The experience of participating in a first Ironman isn't necessarily about the specific race; but the journey to get there. With this journey, I was able to know more about my abilities and acquire a great training friend. My best friend and racing partner, Danny McFee, is the reason why I raced an Ironman. It all started about a year ago after completing the Hong Kong Standard Charter Marathon. Danny was getting tired of running, and decided to get a bike. I went longer on the runs and participated in ultra marathons. When I came back from Vietnam Ultra, we went to a local bike shop and I bought my first time-trial bike. I really didn't have a clue about bikes, so somehow within the few minutes looking at several bikes the Cervelo caught my eye and it looked cool. I'll admit in hindsight, buying it turned out to be a good choice, but not necessarily the best choice for an amateur doing hilly routes. Hong Kong is full of hills, steep and short. A lot of people were adamant about using a road bike for this course, but after plunking down a load of cash, my thoughts about getting a road bike wasn't high on the list. I felt a lot better when Danny bought his Cervelo and decided to race with it as well. The biggest challenge for me was the swim.

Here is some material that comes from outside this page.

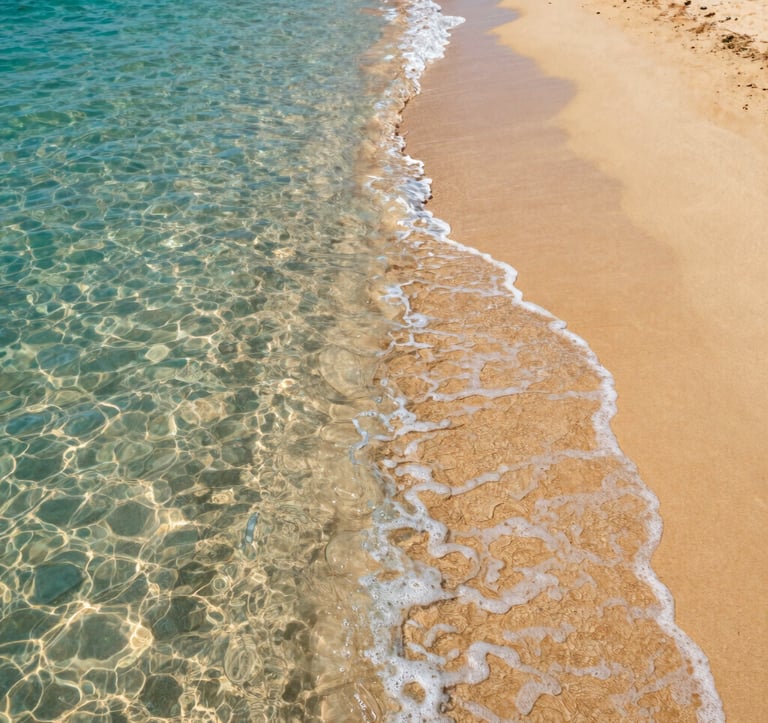 A serene close-up photograph of crystal-clear turquoise water lapping onto a beach of fine golden sand in a North African / Egyptian coastal region. The lighting is bright and warm, highlighting the purity of the environment.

As you know from my blog, my swimming is really weak. I was initially very concerned about making the cut-off time once I realized I had to complete within 2 hour and 20 minutes. Luckily, training with Ginny from 3rd move using Total Immersion techniques helped tremendously.



Registration
One day out of the blue, Danny texted me and said, we should really think about doing an Ironman. I replied that it needed to be some great destination where we can vacation after a long hard day. He mentioned Brazil and I thought it was too far. Within 5 minutes, I texted him back and told him I already signed up for Ironman France - Nice. I didn't bother to look at the course or know anything about the history. It just seemed like the right place to go. Later, it dawned on me that the course is considered tough for the bike leg. 1100m altitude with over 2600m of total climbing. I'm thinking, whatever comes up must come down. With that out of the way, over the course of several weeks, I registered for a couple half Ironman. I never had second thoughts, but I was becoming a little concerned about cycling with my Cervelo P3.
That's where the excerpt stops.